Se la differenza di capitali investiti nelle banche tra, ad esempio, Italia e Germania è così polarizzata dobbiamo considerare l’Italia sull’orlo del fallimento oppure vi è un altro motivo dietro questa voragine? Morya Longo del Sole 24 Ore spiega che la fuga dei capitali è collegata alla paura che l’euro cada e il fatto chela Germaniadi questi tempi abbia un segno positivo nei capitali investiti e l’Italia no, dipende dal fatto che gli investitori preferiscono, in un ipotetico scenario di disintegrazione dell’euro, “puntare sull’euro tedesco (ovvero il marco) piuttosto che sull’euro italiano (cioè sulla lira).”
Dunque è consigliabile che gli euroscettici di turno, prima di parlare di caduta dell’euro o di tutti i mali che questa moneta, pensino bene alle conseguenze che un tale dibattito può far scaturire non solo in termini di spread, ma anche in riferimento al potere di far credito delle banche italiane ed europee, che è naturalmente collegato alla ripresa dell’economia in generale e in particolare di quella italiana, fondata, come sappiamo, sulla piccola e media impresa.

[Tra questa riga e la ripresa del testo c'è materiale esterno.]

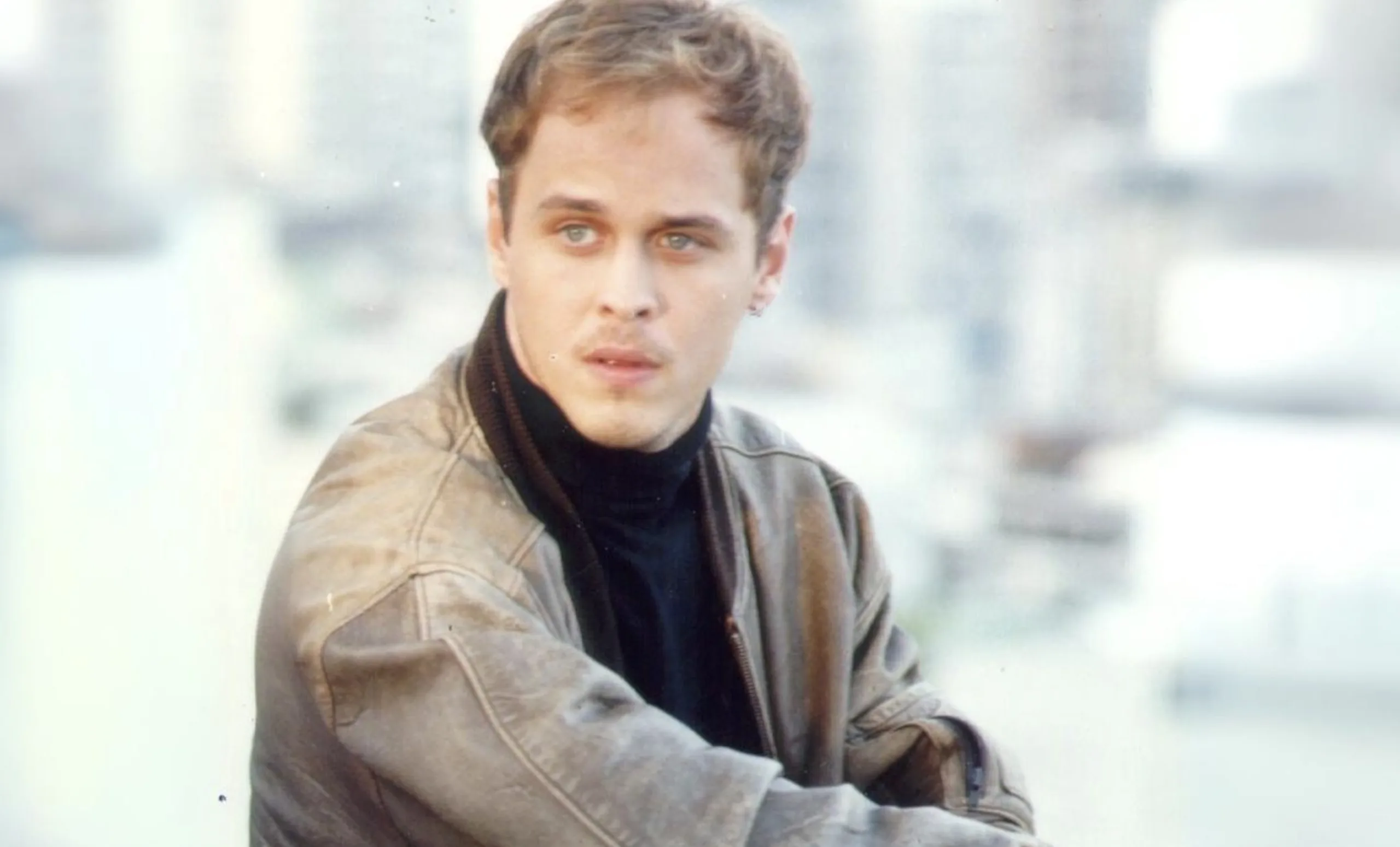 Alberto revela a Lisa que o amor de Alexandre por ela funciona como proteção. Essa interpretação espiritual redefine a relação e aprofunda o peso da vingança.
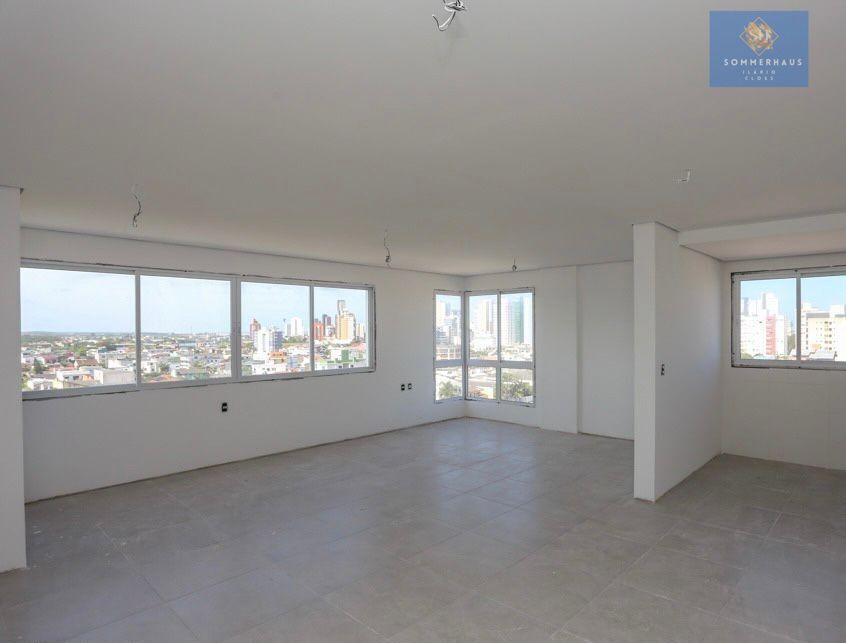 Apartamento à venda com 3 quartos, 93m² - Foto 2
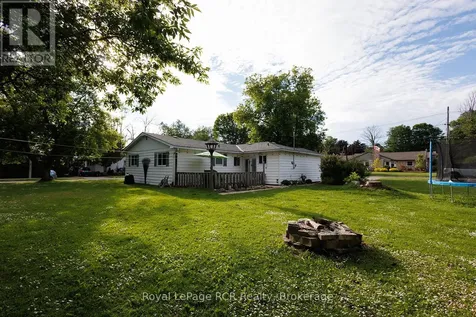223 Division Street South Bruce Peninsula ON N0H 2T0
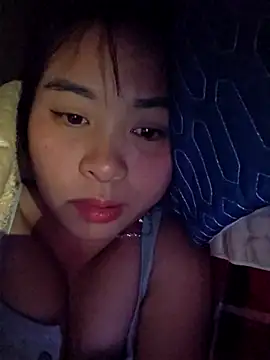 Snapshot of Squirrel-Pear chatting on December 15, 2025, 8:25 pm Squirrel-Pear online show from December 15, 2025, 8:25 pm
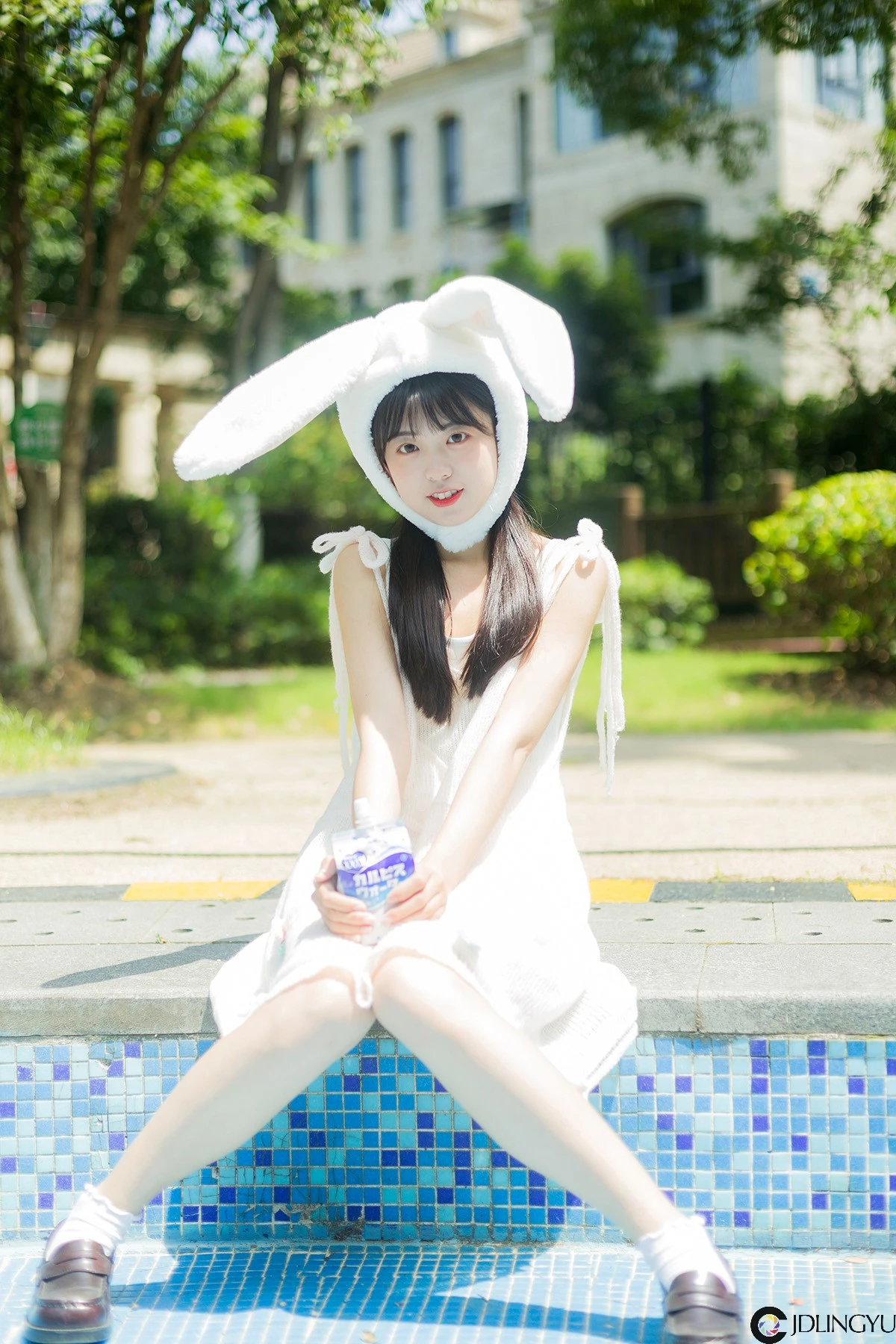 [可爱泡泡呀] 夏日泳池的兔子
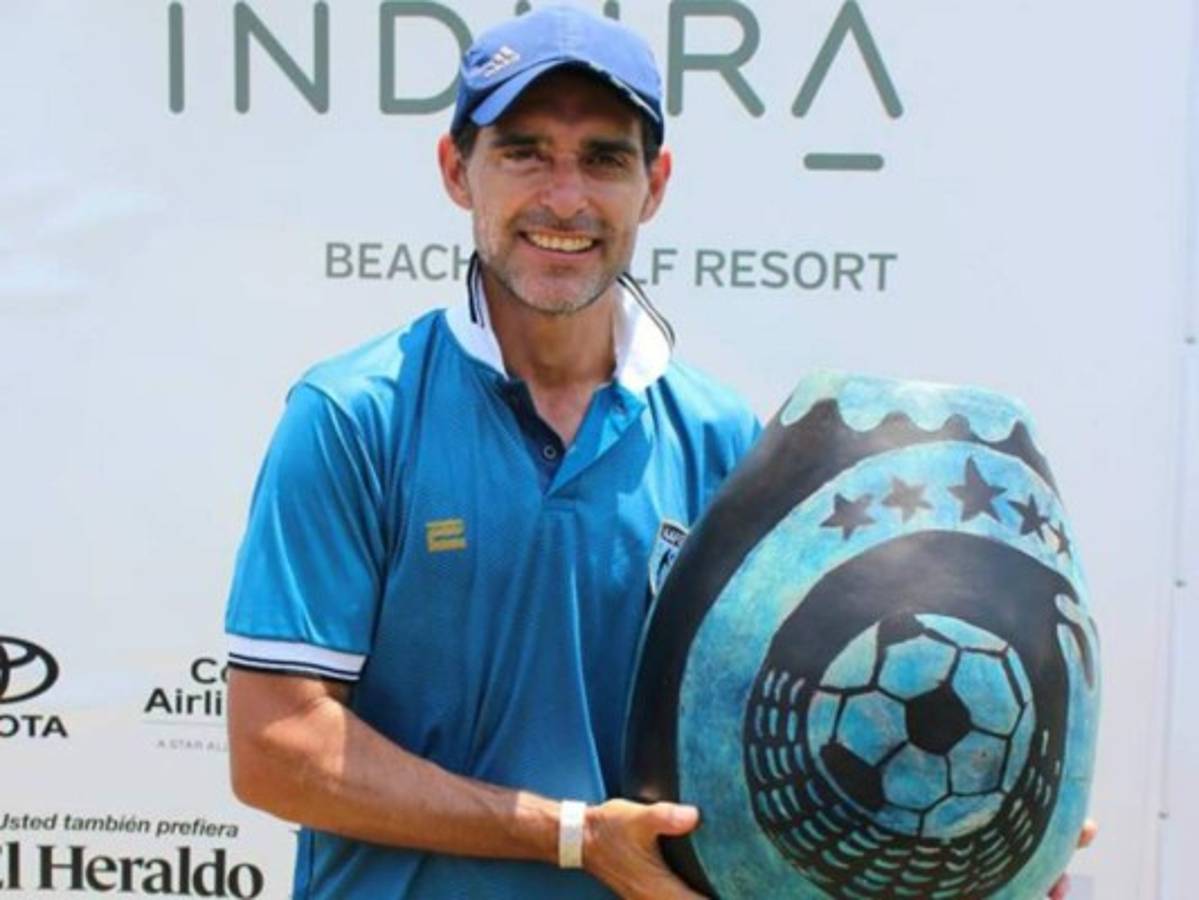 El ex seleccionado argentino Roberto 'El Ratón' Ayala, campeón del Footgolf Honduras Open Tela
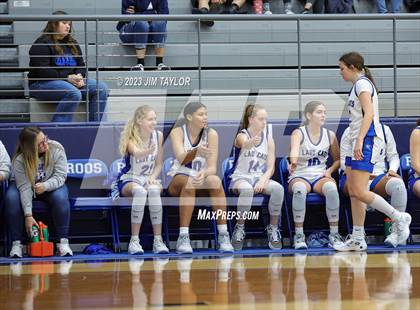 Thumbnail 3 in Rouse vs. Krum (Weatherford Raising Cane Christmas Classic) photogallery.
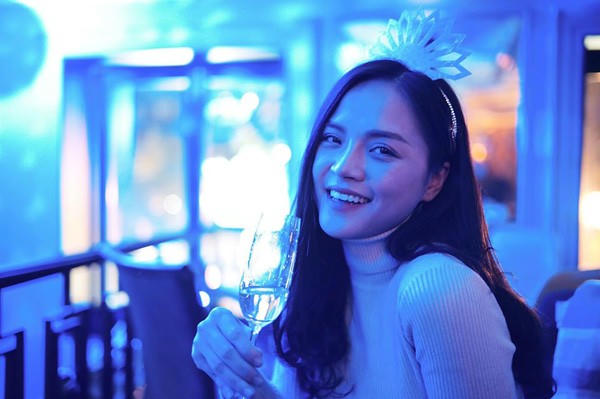 Nhan sắc đời thực của nữ diễn viên phim Về nhà đi con vừa bị đồn lộ clip nóng - Ảnh 7.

La crescita dunque deve essere l’obiettivo primario alla ripresa post-pausa estiva per ricreare una solida fiducia nei mercati e cercare di bloccare allo stesso tempo la fuga dei capitali dalle banche europee. Crescita dunque, ma non solo. Un recente studio del think tank Bruegel, rileva ancora una volta che oggi la zona euro è divisa in due parti. La prima, il Nord, competitiva e non sfruttata a pieno, mentre la seconda, il Sud, risulta essere non competitiva e con un debito eccessivo. La vera sfida sul lungo periodo sta proprio qui, quella di cercare di riequilibrare la situazione tra Nord e Sud cercando di eliminare l’onere eccesivo del debito pubblico del Sud per creare le condizioni necessarie ad una solida ripresa.
Certo non è un percorso facile e già dal Consiglio dei Ministri del 24 agosto convocato dal Presidente del Consiglio Monti e dal prossimo eurogruppo convocato per il 3 settembre dovranno essere prese decisioni importanti e incisive. In particolare a Bruxelles, ad inizio settembre, dove i temi principali in discussione saranno la Spagna, il possibile intervento anti-spread del fondo salva Stati e la situazione della Grecia sulla base della missione della troika, gli outcomes dovranno essere positivi. Infatti un esito negativo della missione del trio BCE, Commissione e FMI, probabilmente porterebbe a un’ulteriore negoziazione del debito greco, che avrebbe conseguenze imprevedibili e forse letali per la permanenza della Grecia nell’euro e per la sostenibilità della moneta unica.